* Exercise description: What the task requires is an exact printout of the listing below, pictures excluded.

* Dataset section:
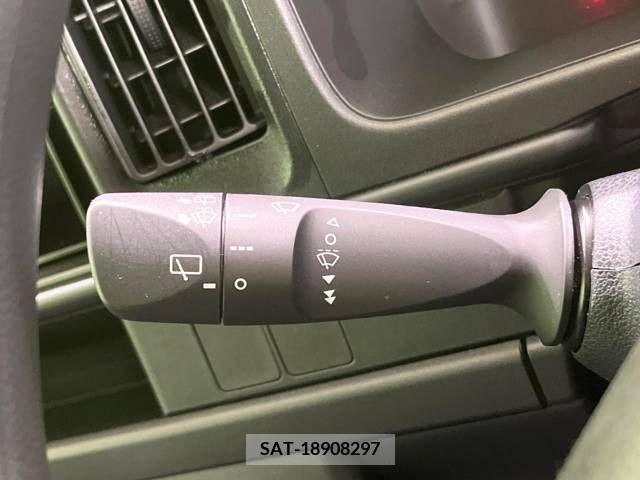 Daihatsu HIJET CARGO 2021-10 337632-6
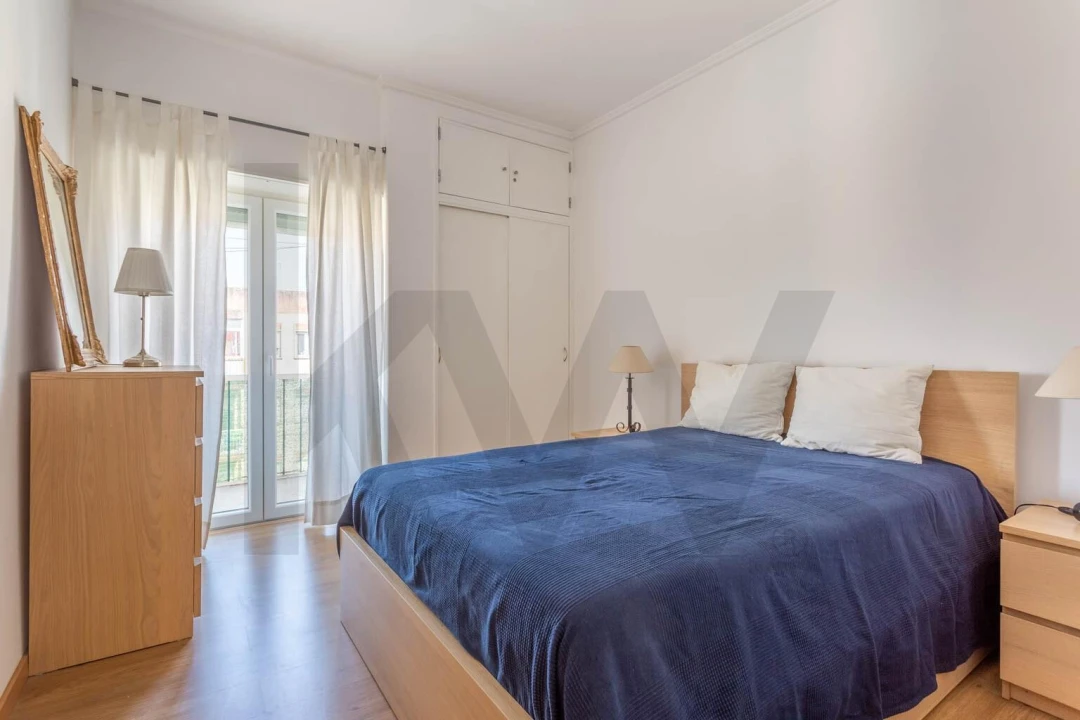 Apartamento T2 para Venda em Santo António dos Cavaleiros e Frielas Foto 13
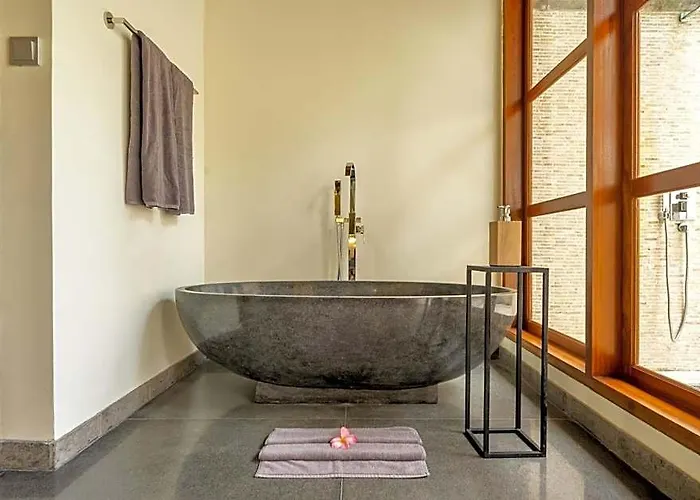 ホテル Themma Jungle - Sumptuous 3br Luxury With Majestic Jungle View In North Of Ubud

* Response for this exercise:
 Daihatsu HIJET CARGO 2021-10 337632-6
 Apartamento T2 para Venda em Santo António dos Cavaleiros e Frielas Foto 13
 ホテル Themma Jungle - Sumptuous 3br Luxury With Majestic Jungle View In North Of Ubud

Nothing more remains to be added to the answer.